(DATA PROVIDED begins)
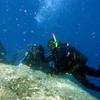 Picture taken during the dive
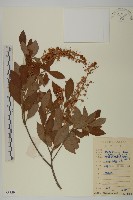 藏品(江南山柳)的圖片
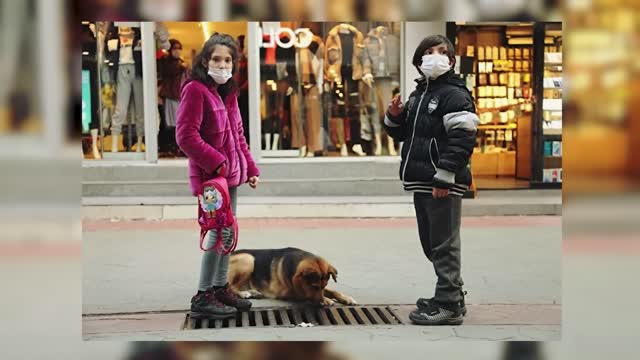 The Dog Looked into The Storm Drain Every Day - People Were Shocked! ~(IncredibleStories)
(DATA PROVIDED ends)
> [INSTRUCTIONS FOR THE TASK]: Copy each line of the material above exactly, but not the images.

> [WRITTEN ANSWER]:
 Picture taken during the dive
 藏品(江南山柳)的圖片
 The Dog Looked into The Storm Drain Every Day - People Were Shocked! ~(IncredibleStories)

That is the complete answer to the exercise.